The Activist Collector
Lida Clanton Broner’s 1938 Journey from Newark to South Africa
Published by the Newark Museum. Distributed worldwide by Rutgers University Press.
“After twenty-eight years of desire and determination, I have visited Africa, the land of my forefathers.” So wrote Lida Clanton Broner (1895–1982), an African American housekeeper and hairstylist from Newark, New Jersey, upon her return from an extraordinary nine-month journey to South Africa in 1938. This epic trip was motivated not only by Broner’s sense of ancestral heritage, but also a grassroots resolve to connect the socio-political concerns of African Americans with those of black South Africans under the segregationist policies of the time.

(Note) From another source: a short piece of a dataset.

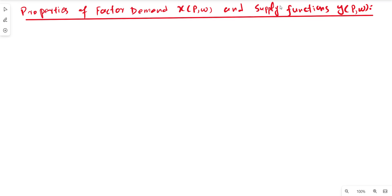In this video lecture we are going to discuss the properties of factor demand function and supply function of the firm. As we know from the previous lecture videos, the input demand function is a function of prices — that is, the price of output and the price of input — so the factor demand function can be expressed accordingly.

During her travels, this woman of modest means circulated among South Africa’s Black intellectual elite, including many leaders of South Africa’s freedom struggle. Her lectures at Black schools on “race consciousness and race pride” had a decidedly political bent, even as she was presented as an “American beauty specialist.”
How did Broner—a working class mother—come to be a globally connected activist? What were her experiences as an African American woman in segregated South Africa and how did she further her work after her return? Broner’s remarkable story is the subject of this book, which draws upon a deep visual and documentary record now held in the collection of the Newark Museum of Art. This extraordinary archive includes more than one hundred and fifty objects, ranging from beadwork and pottery to mission school crafts, acquired by Broner in South Africa, along with her diary, correspondence, scrapbooks, and hundreds of photographs with handwritten notations.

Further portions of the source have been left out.